Yeah, screw that. I’ve now spent enough time in waiting rooms that I could have read War and Peace twice, balanced the national budget and knitted a garment bag using toothpicks and pocket lint.

When I hit the waiting wall the first time, I realized what I needed was a project. Something portable, easy, and cheap (because cancer is damn expensive, and I didn’t want to throw around big bucks on a time filler). Something hat would give me a sense of completion and make me feel that was not just sitting around waiting (which was in fact, exactly what I was doing).

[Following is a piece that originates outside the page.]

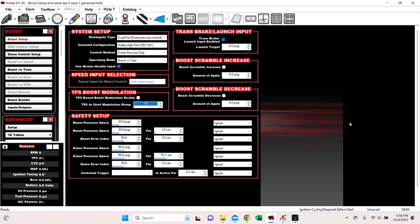Hey everyone. So now we're going to go over the new functions in the data log viewer from Holley with v6 build 300.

CrabbyCancerMan turned to online gaming: fruit zen and ultimate alphabet became favorites. I turned to counted cross stitch. Counted cross stitch is quick to learn, easy to master, highly correctable without tearing out lines of yarn (unlike crocheting or knitting), and really, who couldn’t use a tea towel? This said, my nice wife facade was cracking, and the crabbiness was setting in. I realize that no sweet saying was going to cut it. So I turned to Subversive Cross Stitch. She had a dainty little sampler with bunnies and sparrows that said in big, friendly letters “FUCK CANCER“. My oh my yes, that sums it up quite nicely.

So each day I would demurely sit with my hoop and thread, working away at the pattern. I would smile to myself and imagine stabbing the stupid cancer in its stupid cells while CrabbyCancerMan was poked, prodded and zapped within an inch of his life. And the sweet other caregivers with their magazines and books would ask “what are you working on, dearie?” I would smile and blush, and say “well, it’s a little rude.” And they would look up expectantly and nod as if to say “show me.” and when I did, I can promise you that every person said something to the effect of “I couldn’t have said it better myself.”

What other projects do you think could fit the bill? Or alternatively, what other things could I put on my tea towels?